Why does water break salt really

A kid asked me this question just the other day, and I said that the positive part of $\ce{H2O}$ attracts the negative $\ce{Cl}$ ion and the negative part of the $\ce{H2O}$ attracts the positive Na ion.

Then he asked me several questions which stumped me:

1. Why doesn't $\ce{NaCl}$ dissolve water instead (break water into $\ce{H}$ and $\ce{O}$)?
2. If $\ce{H2O}$ is electrically neural, why would it attract any ions?
3. Why doesn't $\ce{NaCl}$ stick together, how can one know if one molecule will attract the ions hard enough that the ions breaks away?
4. Why is Na positive and $\ce{Cl}$ negative?

Hopefully someone can help me answer the above questions as I have not done chemistry in years!

The main reason about why water breaks salt is related to the relative permittivity $\epsilon_r$ of water compared to its value in air.

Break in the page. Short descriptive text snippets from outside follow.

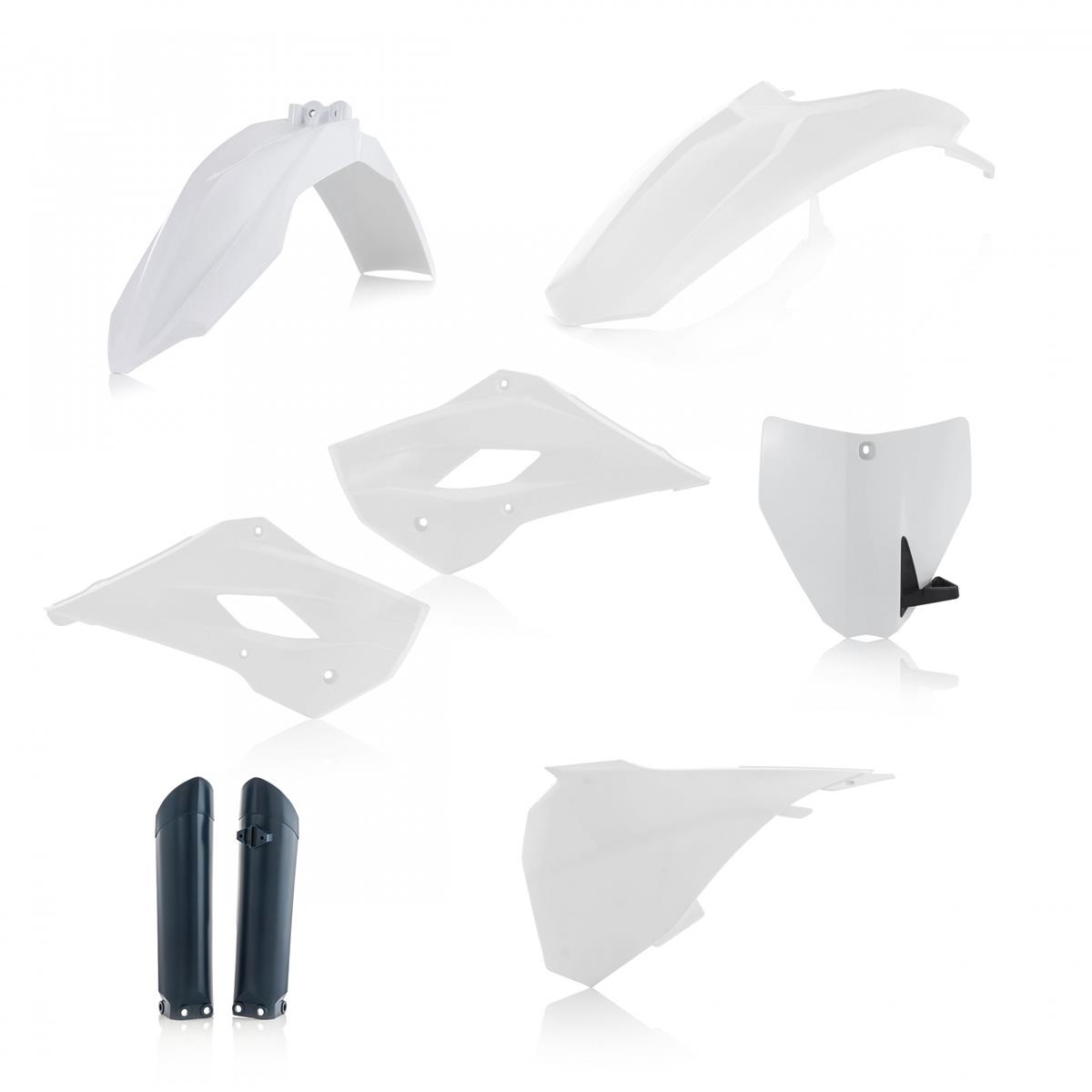 Acerbis Kit Plastiche completo Full-Kit Husqvarna TC 85 14-17, Original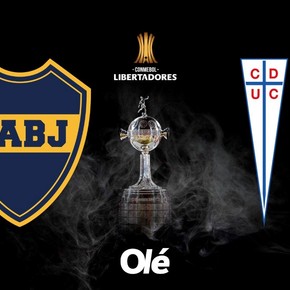 Boca vs. U. Católica, por la Copa Libertadores: hora, cómo ver y probables formaciones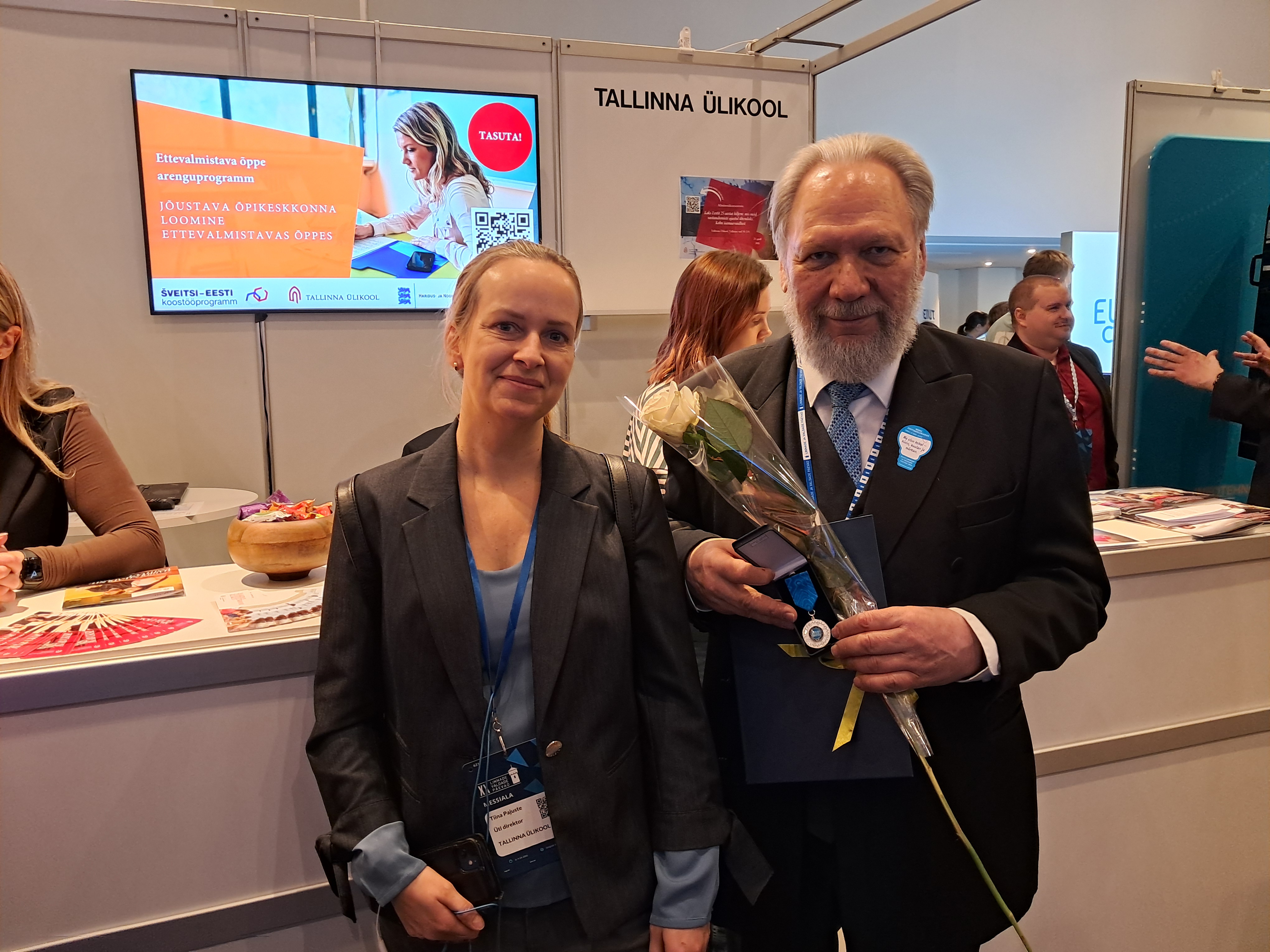 Sulev Lääne ja Tiina Pajuste 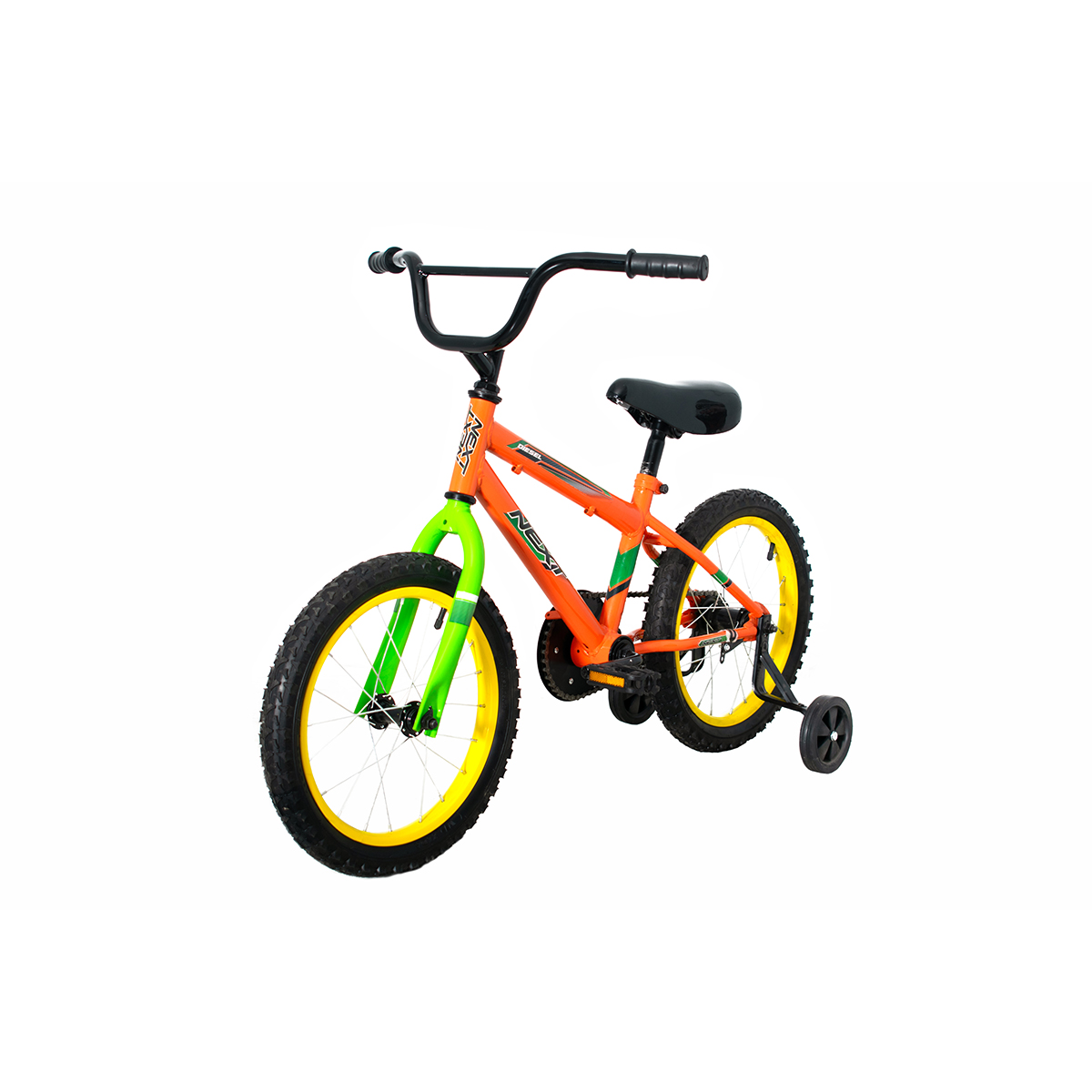 Bicicleta Veloci Next Diesel 1 BMX Rodada 16 Naranja Infantil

In fact,$\epsilon_r= 80$ in water, while its value in air is $\epsilon_r= 1$. Now, if we look at the formula of the Coulomb force, which is responsible of the electrostatic attraction between ${\rm Na}^+$ and ${\rm Cl}^-$ : $$f = \frac{q.q'}{4\pi \epsilon_0\epsilon_r r^2}$$ (Where q and q' are the charges of ${\rm Na}^+$ and ${\rm Cl}^-$, and r is the distance between the two punctual charges).